THE RECORDS -
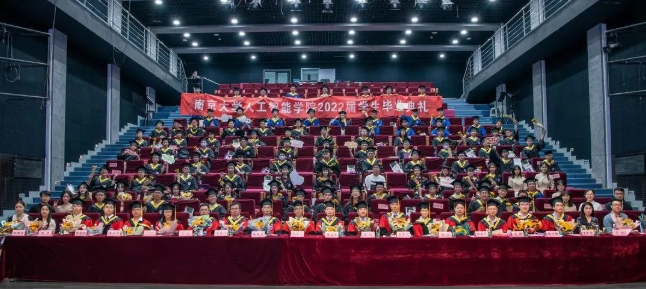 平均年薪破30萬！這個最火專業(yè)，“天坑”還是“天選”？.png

--

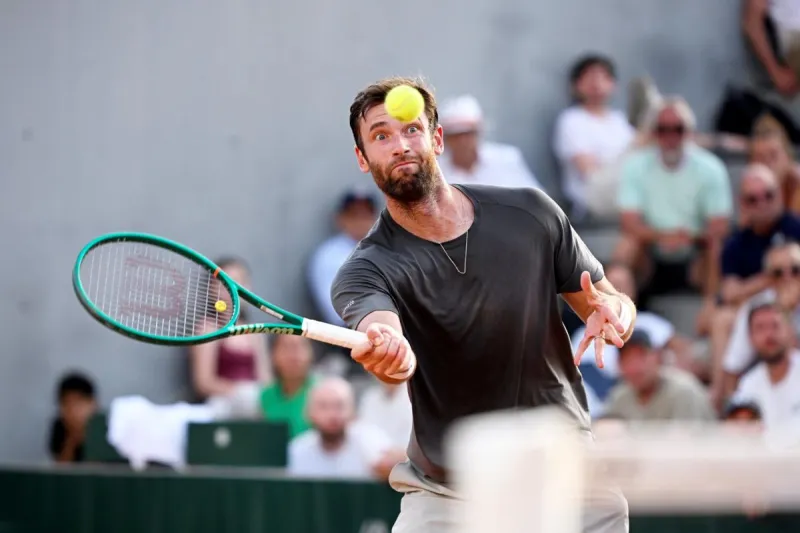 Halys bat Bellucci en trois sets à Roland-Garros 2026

---

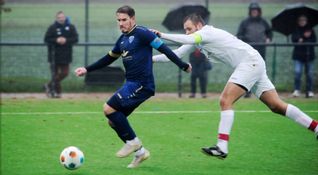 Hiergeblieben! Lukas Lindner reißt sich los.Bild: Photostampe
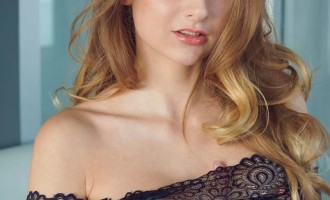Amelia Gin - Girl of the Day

TASK DIRECTIONS -
Return only the part above that opens with the line containing "Hiergeblieben! Lukas Lindner" and closes with the line containing "Amelia Gin - Girl of the Day", exactly and with both ends, skipping the pictures.

WRITTEN SOLUTION -
 Hiergeblieben! Lukas Lindner reißt sich los.Bild: Photostampe
Amelia Gin - Girl of the Day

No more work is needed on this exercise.